What is a good neural network?
Searching neural network is one thing, but one has to know when to stop searching and settle on an architecture. There are however many ways to evaluate a NAS algorithm, and this depends on the what we expect our resulting architecture to achieve:
Are we only trying to find a good architecture for a specific downstream task? If so, should it give the best results for this task with minimal training, maximal computational efficiency or minimal amount of data? Therefore, what should the result be compared to? Other search methods or manually designed networks?
Maybe we should rather be looking for a good transferable architecture that has interesting performances on a range of tasks, and performs well with minimal training.

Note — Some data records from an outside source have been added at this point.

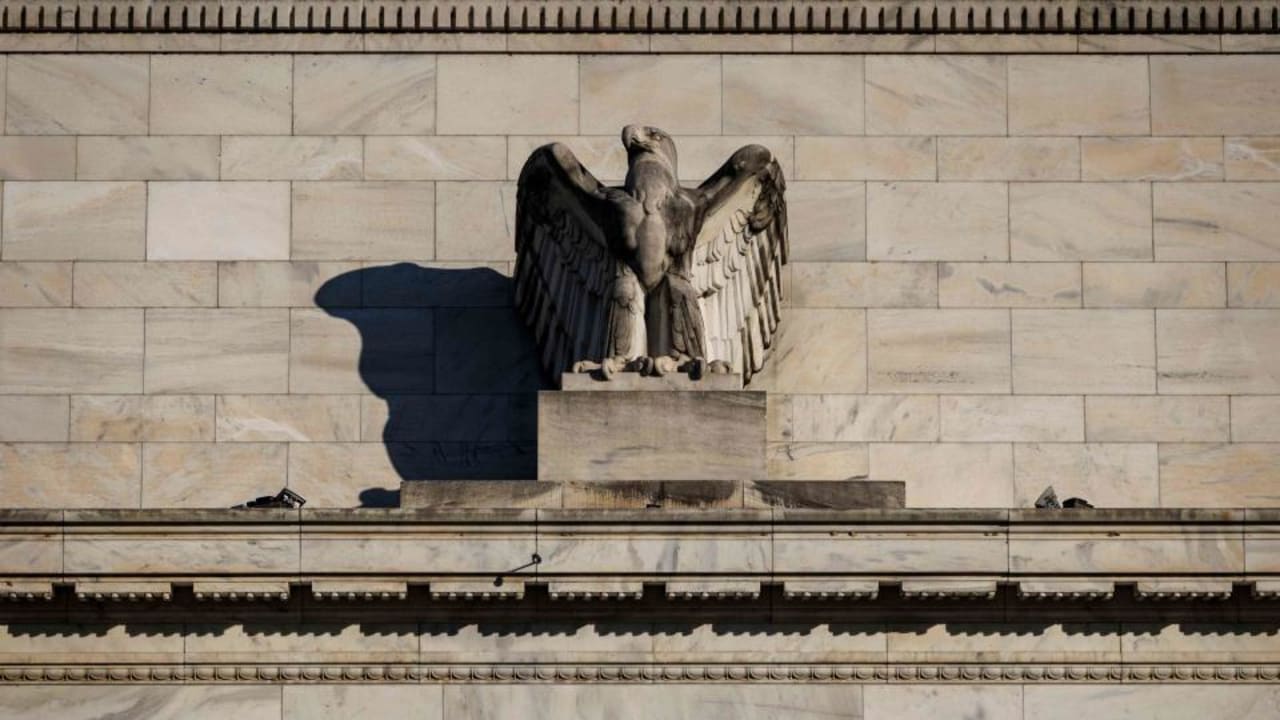 Tahun Baru, Fed Baru: Apa Arti Rotasi FOMC untuk Suku Bunga
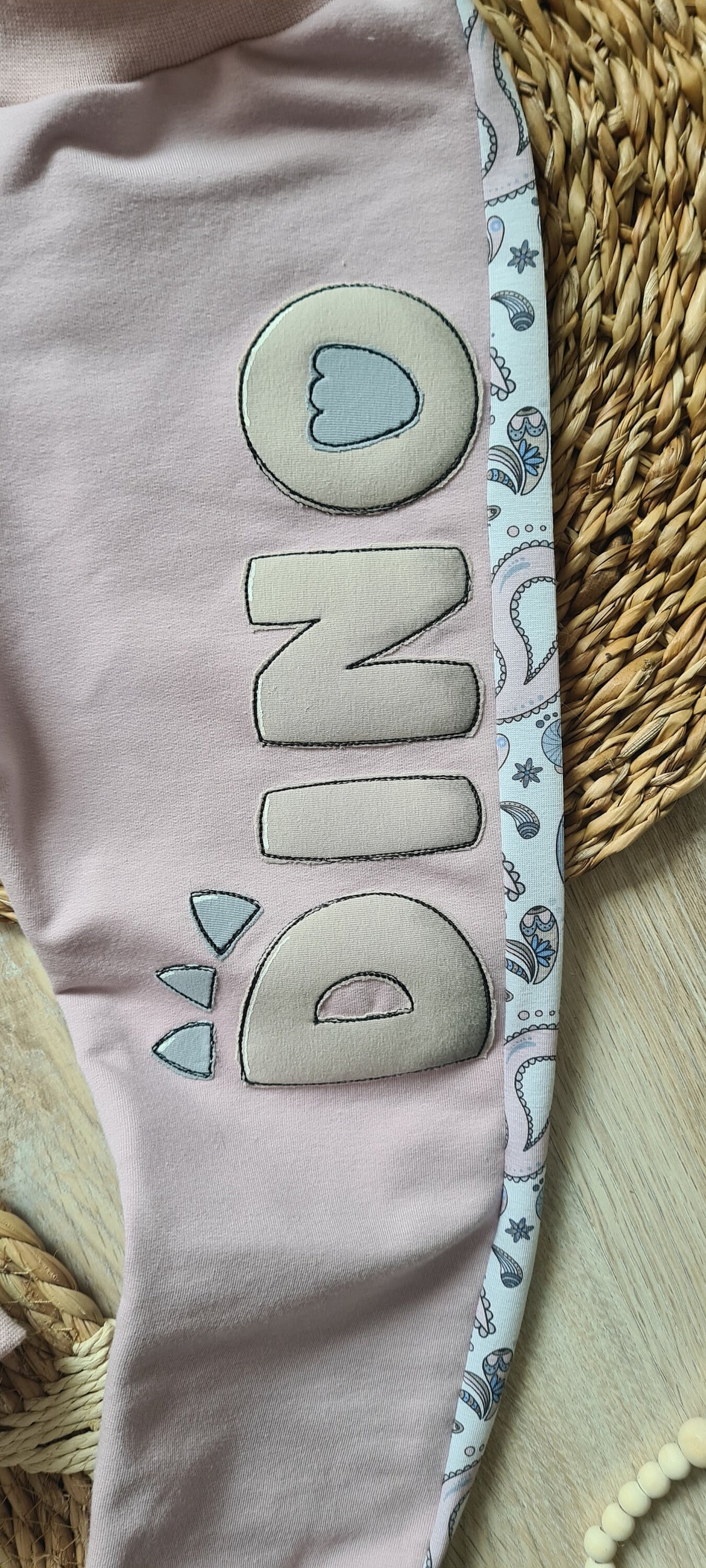 Hose & Pullover „Girly Dino“
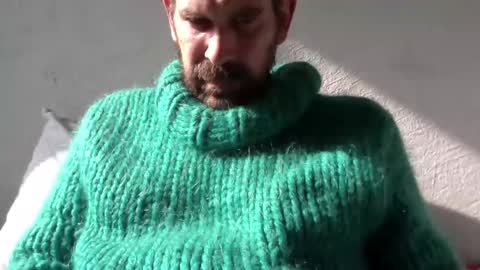 sweaterboy666 online show from February 12, 11:07 am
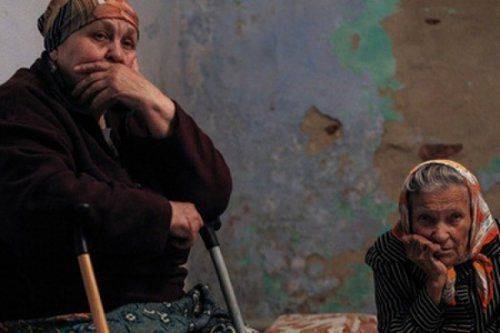 Деньги пенсионеров Донбасса хунта отдала Ровно и Закарпатью  Деньги пенсионеров Донбасса хунта отдала Ровно и Закарпатью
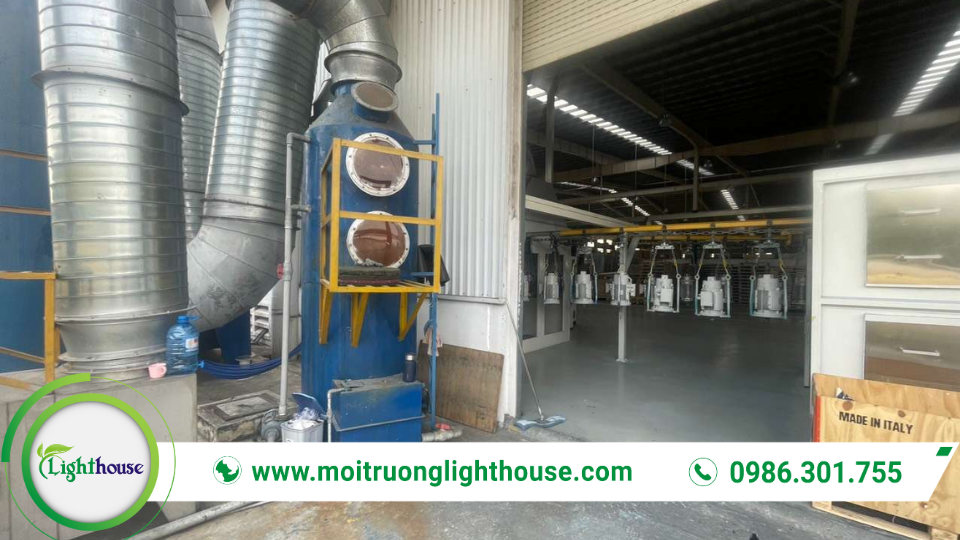 Hệ thống xử lý khí thải hiệu quả: Giới thiệu, loại hình & công nghệ tiên tiến 3 Hệ thống xử lý khí thải tại nhà máy gồm thiết bị lọc bụi và xử lý khí độc, đảm bảo tuân thủ quy chuẩn môi trường.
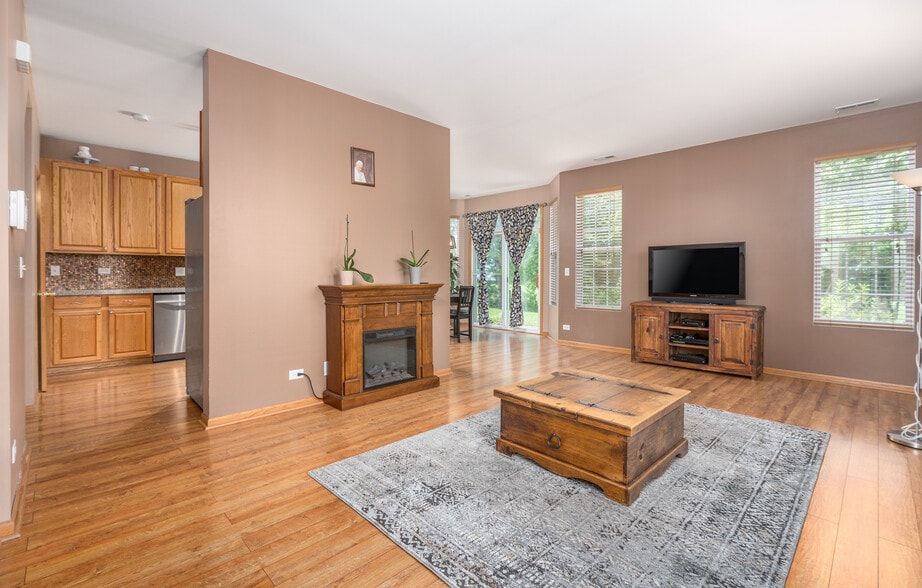 Building Photo - 1440 Millbrook Dr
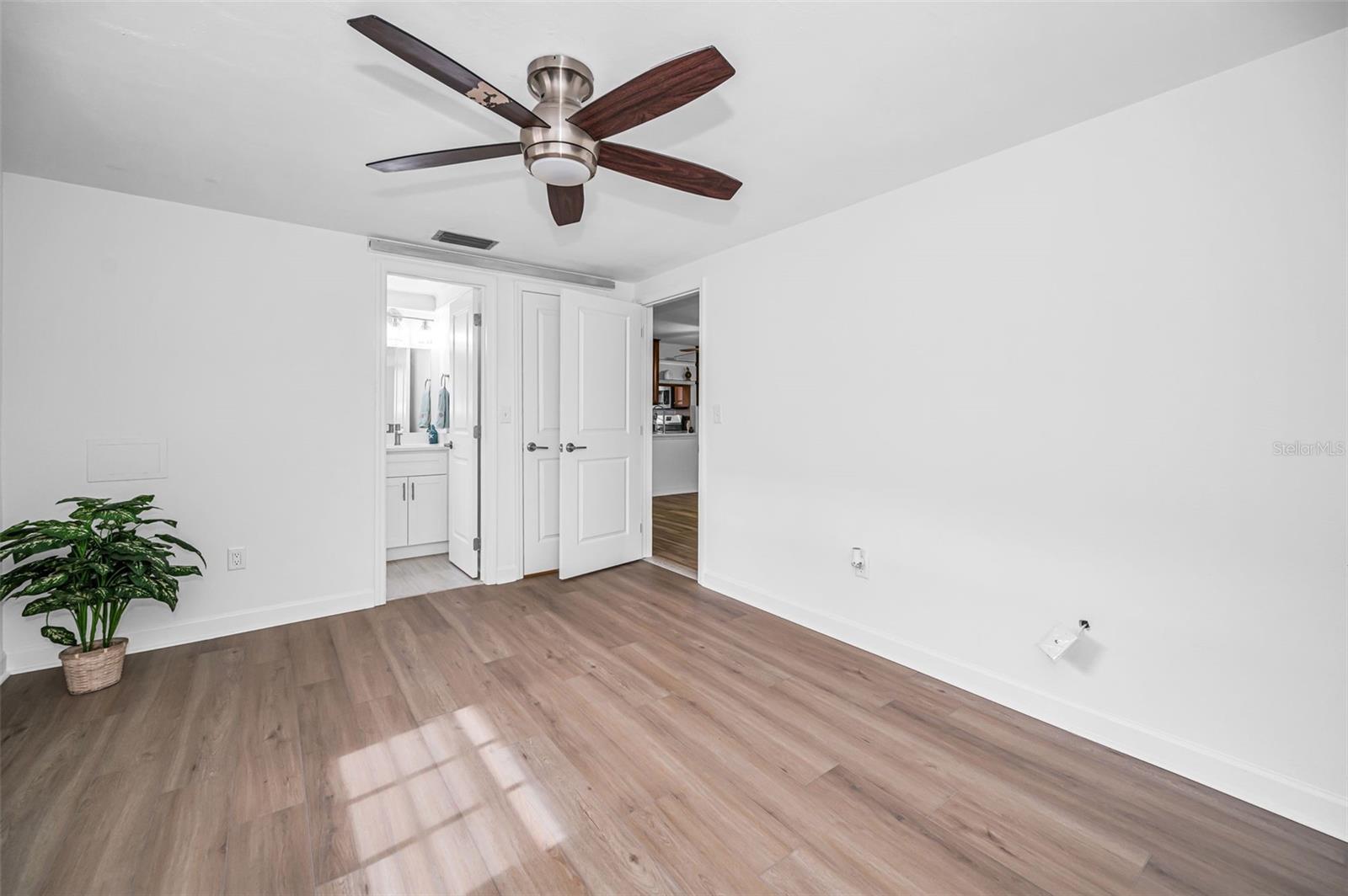 Image 31 of 88 For 4200 Hampton Drive 4200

This is not just a theoretical problem, and random search is a very competitive baseline to many famous published NAS methods, as argued by Li and Talwalkar in [4].
What is the final goal?
Theoretically, “solving” the NAS problem would mean being in possession of a system that can find the best possible neural network for any given task. Moreover, given that neural networks are universal approximators, this would probably be close or equivalent to general artificial intelligence. Whatever problem (or function, or input/output pairs from a function) we throw at our machine, it could spit out a neural network that computes it! Now imagine putting this machine in our physical worlds with sensors that can perceive the world around it. Would it return something similar to our brain as its optimal neural network? Or could it find something much better and more efficient? Of course, there are several limitation to this reasoning, but I believe the general idea to be true:
Solving NAS is equivalent to obtaining general Artificial intelligence
Or at least, it would be such a step forward it would make the end goal suddenly look much more achievable. However, none of this gives us insights into creating such a general purpose neural network-spitting machine. In the rest of the post, we will detail a few research directions that have been explored to this end.
Neuroevolution
Genetic algorithms
Reinforcement learning
Another historically popular approach to NAS was to think of the neural network-generating algorithm as a kind of “intelligent designer agent”. This agent is tasked with the creation of a neural network architecture and makes decisions according to its internal policy. The reward of the agent is the performance of the resulting neural network on some downstream task. This could be seen as automating the research game (easily framed as a RL problem) by using artificial agents.
This approach was taken in [5], in which the authors train a recurrent neural network (RNN) to generate a model description one hyper-parameter at a time. The RNN takes the last item as input for the next step. The search space they experiment with is quite large, albeit limited compared to the endless possibilities of NAS..
At the time, authors reported encouraging state of the art results on image datasets and language modeling on the Penn Tree Bank (PTB) dataset. They also transfer recurrent neural network cells found with their methods from the world-level PTB dataset to the character-level PTB dataset, showing some amount of transferability of their found architectures
Conclusion
Ultimately with this kind of very popular sub-field of machine learning, the volume of available literature is so huge that we often get in a The rich get richer type of situation where papers from big companies or labs with especially good PR tend to overshadow all the others and absorb most citations from other researchers.
This is especially true when people not familiar with the field carry out a superficial-ish survey of available literature — which is my case for this post, and I apologize in advance for falling into the same trap. I still believe that eventually people get the credit they deserve — which might sound naive — but it can take years, and in the meantime winners may take all.